Furthermore, the author of the original godmode article, Oliver Baron, penned his own reaction, in an article titled “Deutsche Boerse takes a stand.” He writes that “yesterday’s article “Xetra-Gold: Nothing but a scrap of paper?” has struck nerves: Not only that GodmodeTrader was cited among others, at “Zero Hedge” a financial website influential on Wall Street, but also at Deutsche Bank and at Deutsche Boerse, where the article has caused quite an internal stir, as Godmode traders was informed.”
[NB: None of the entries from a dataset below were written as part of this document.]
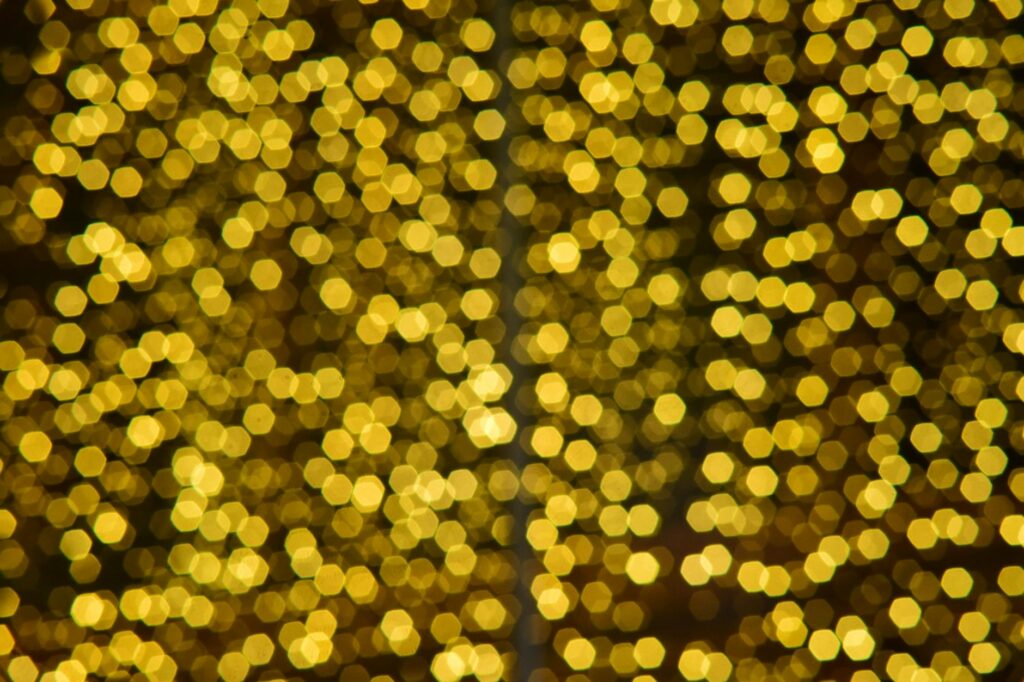 warm golden bokeh light abstract background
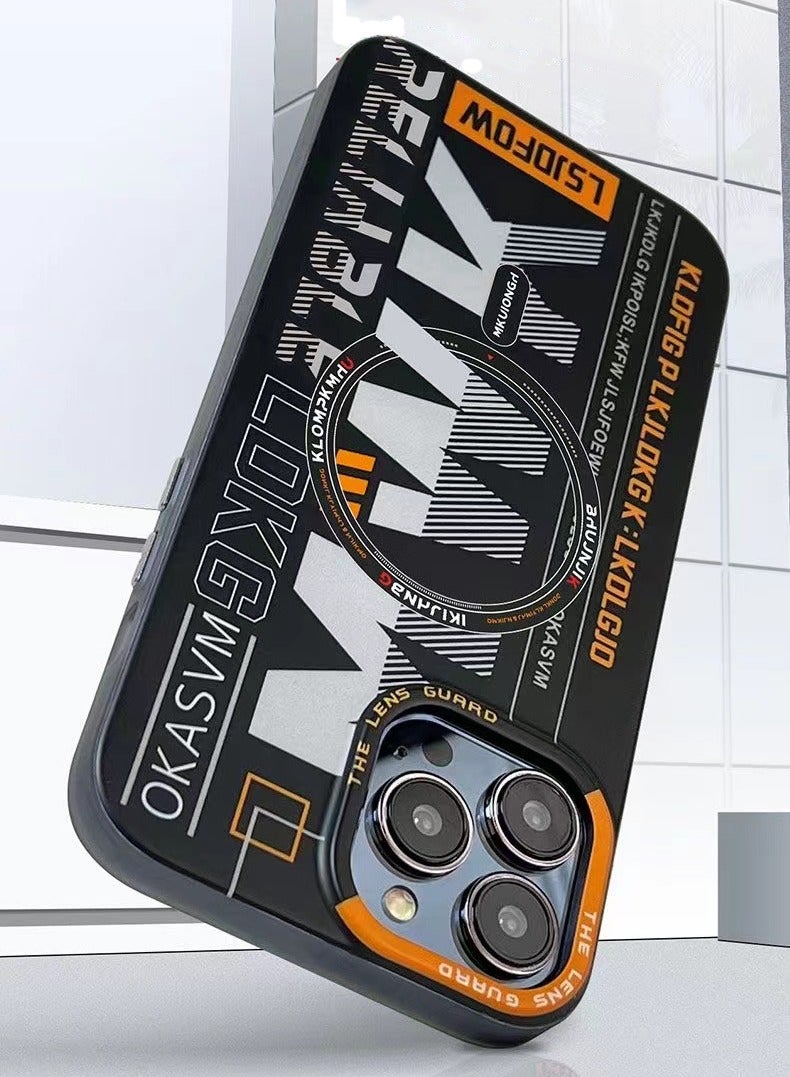 Color Fans Magnetic Case for iPhone 15 Pro Max Compatible with MagSafe Slim Protective Translucent Matte Phone Cover Matte Black - Image 5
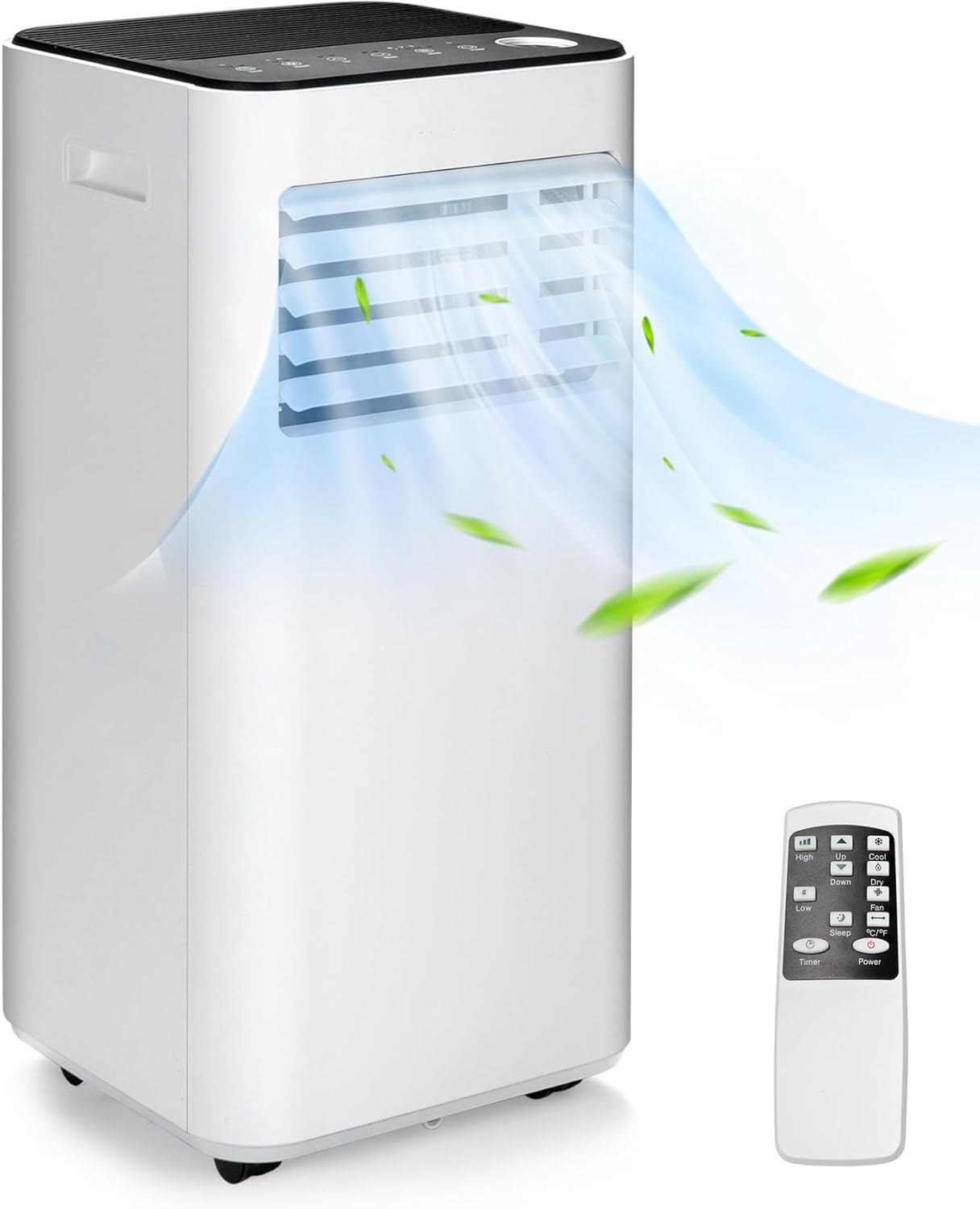 Portable Air Conditioners, SIMOE 10000 BTU Portable AC Unit with Dehumidifier & Fan Mode, 3-in-1 Air Conditioner Portable with Remote, Rooms up to 350 sq.ft, 24Hrs Timer, for Home Office Garage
He further writes that Deutsche Boerse Commodities has released a fairly spongy formulated observation on the physical delivery of Xetra-Gold. The key phrases are:
“The Deutsche Boerse Commodities GmbH points out that holders of Xetra-Gold shares can at any time exercise the right to delivery of securitized gold. Deliveries are made via a branch of a bank indicated by the investor. The requirement is that the branch offers this service because the delivery can take place only through the depository bank of the investor.”
As we reported yesterday, what made this particular “failure to deliver” notable is that the original client had asked for delivery via a Deutsche Bank branch, the same bank as the ETC’s sponsor, which is why, as we noted before, this appears to have been a problem involving not Xetra-Gold, as much as Deutsche Bank itself.
Baron agrees. As he writes, “in other words, it depends, according to Deutsche Boerse Commodities, on the particular bank branch whether the physical delivery can be carried out.”
And, as we learned last night, it does appear that if the delivery is requested at a Deutsche Bank branch, the answer is no.
But this is where it gets even worse. As Baron adds, in a telephone conversation with the author, the Deutsche Boerse Commodities exchange was unwilling to supply further information to Godmode traders whether physical delivery is generally feasible at most bank branches or not. And worst of all, “the exchange was unable to name any bank which is in a position to deliver physical gold without problems.“
Baron’s conclusion: “the “right” for actual delivery at Xetra-Gold is theoretical: physical delivery is only possible if the respective bank branch also cooperates. Suspicious gold investors should consider Xetra-Gold as another form of paper gold and not as a physical gold investment.”
Our take is slightly different: while we already know that physical delivery at Deutsche Bank appears to have been compromised, according to the Deutsche Boerse response, the ability of any and every other bank in Germany to deliver gold is now likewise questionable. Which begs the question: where is all the physical gold?
The risks inherent in investing in gold exchange traded funds (ETFs) and exchange traded commodities (ETCs) is something that we have warned of since these new gold proxy investment instruments came on the scene in 2003.